# Deep State Space Models (DSSMs) -- Theoretical Foundations

## Synopsis

A **deep state space model** (DSSM) merges the principles of **state space models** (SSMs) into **deep neural networks** (DNNs) to create a framework for sequential data modeling.

First, the theoretical foundations are established. Then, a DSSM is implemented and evaluated for forecasting the stock price of TSLA.

**RESULTS:**

- Metrics
  - RMSE: ??.??
  - MAE:  ??.??

## DSSMs in a Nutshell

DSSMs integrate the latent state representations of SSMs into sequential predictions. The latent state of an SSM should encode information about underlying hidden factors (in the context of stock market prices, these could include bull/bear phases, volatility shifts, ...)

Like many models, it is promised to be able to detect hidden trends before they emerge in price movements. 

## (Continuous) SSMs

The concept of SSMs originates from system/control theory in engineering.

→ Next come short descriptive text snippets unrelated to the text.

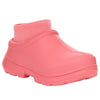 UGG(WMNS) Tasman X 'Tropical Pink'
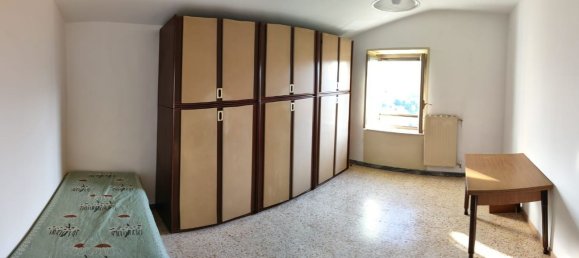 Apartamento de 7 habitaciónes en Zagarolo, Italy No. 270361 11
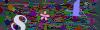 captcha-1792242767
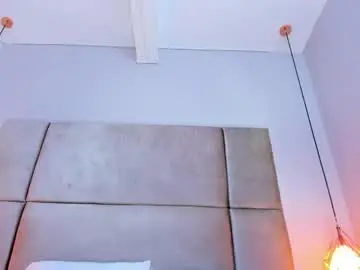 Chaturbate Best live sex cam show of angelag_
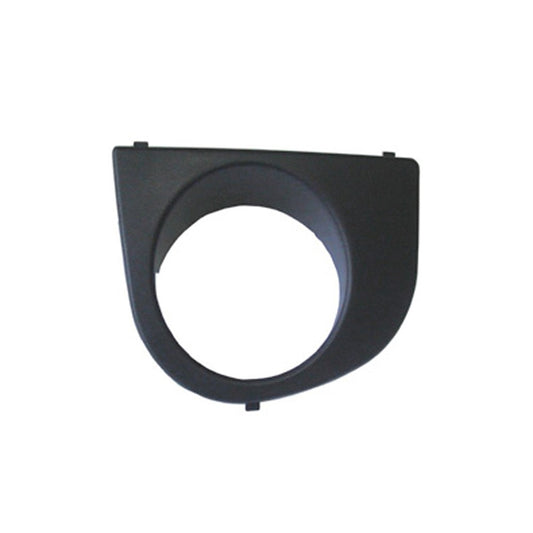 Front Right Front Passenger Side Fog Light Bezel 2003-2005 Dodge Neon
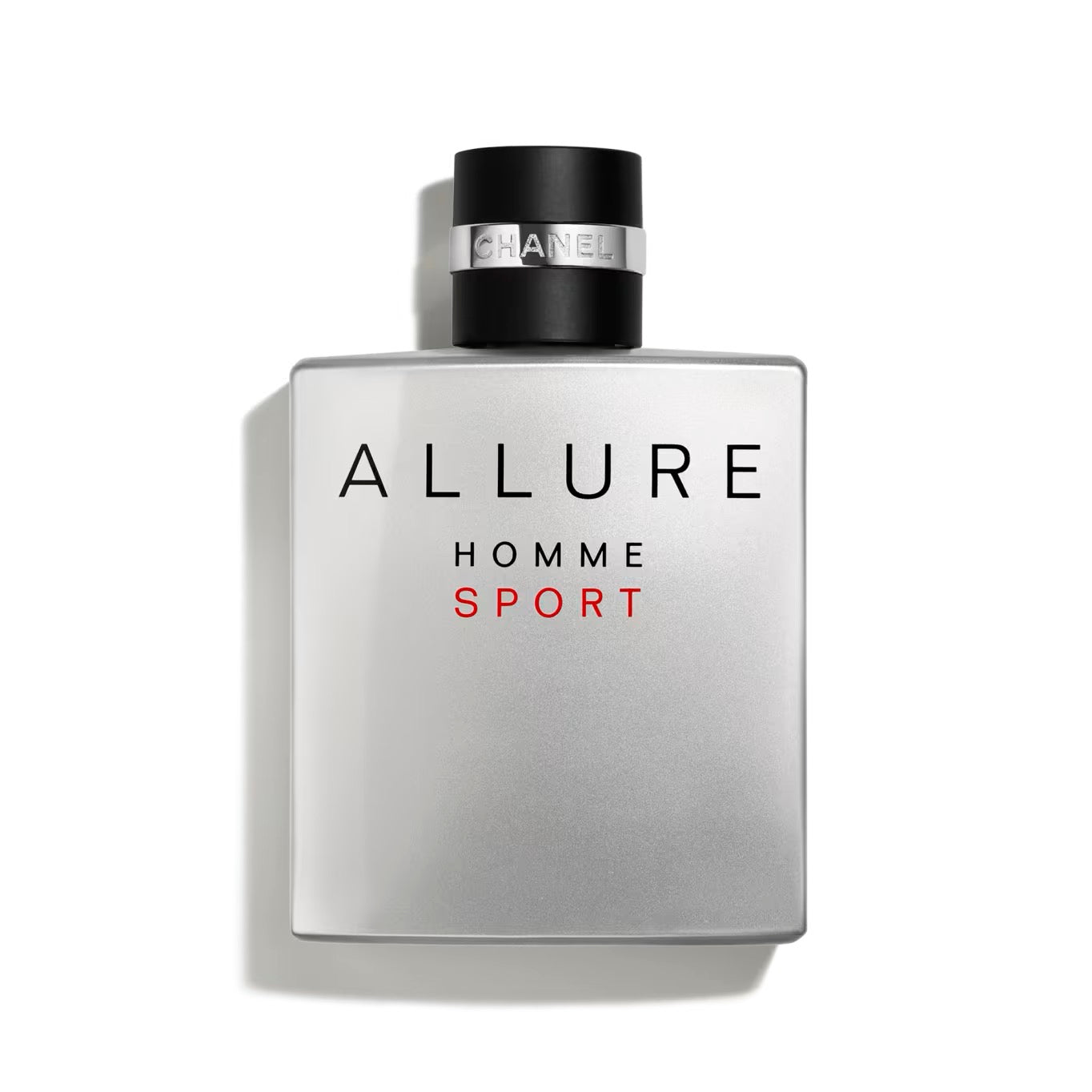 Nước hoa Chanel Allure Homme Sport EDT 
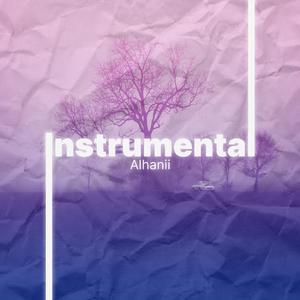 Ninao (Instrumental)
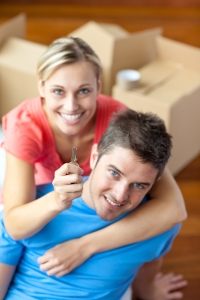 Mortgage Lending to First Time Homebuyers Tightened Mortgage Lending to First Time Homebuyers Tightened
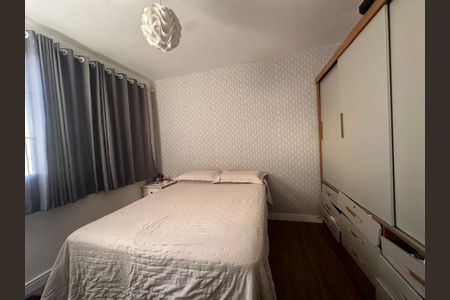 Apartamento para alugar com 3 quartos, 116m² em Pompeia, São Paulo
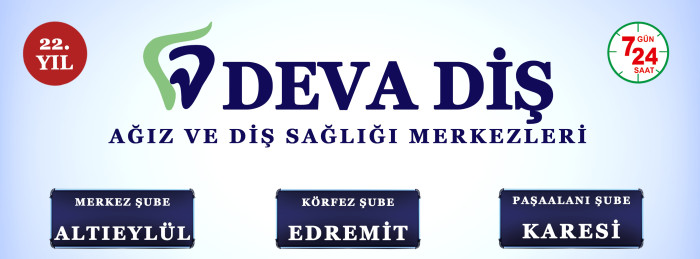 DEVADİŞ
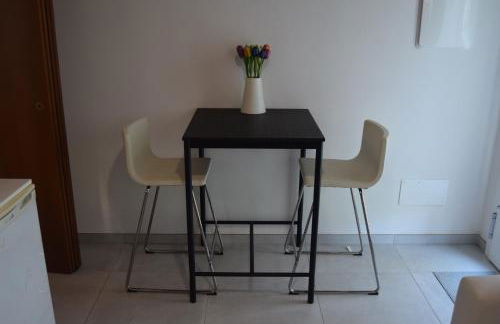 B&B We CaRe Appartamento - Foto 18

A (continuous-time) SSM is defined by four matrices:

- $A \in \mathbb R^{p \times p}$: (Latent) State matrix.
- $B \in \mathbb R^{p \times m}$: Control matrix.
- $C \in \mathbb R^{n \times p}$: Output matrix.
- $D \in \mathbb R^{n \times m}$: Transition matrix (**skip connection**).

For a given input sample path $x(t) \in \mathbb R^{m}$, the SSM computes the corresponding output sample path $y(t) \in \mathbb R^{m}$ by solving

$$
\begin{align*}
\dot s(t) & = A s(t) + B x(t) \\
y (t) & = C s(t) + D x(t)
\end{align*}
$$

where $s(t) \in \mathbb R^{p}$ represents the internal (latent) **state sample path**.

![SSM in Continous Time](./img/ssm-continuous.png)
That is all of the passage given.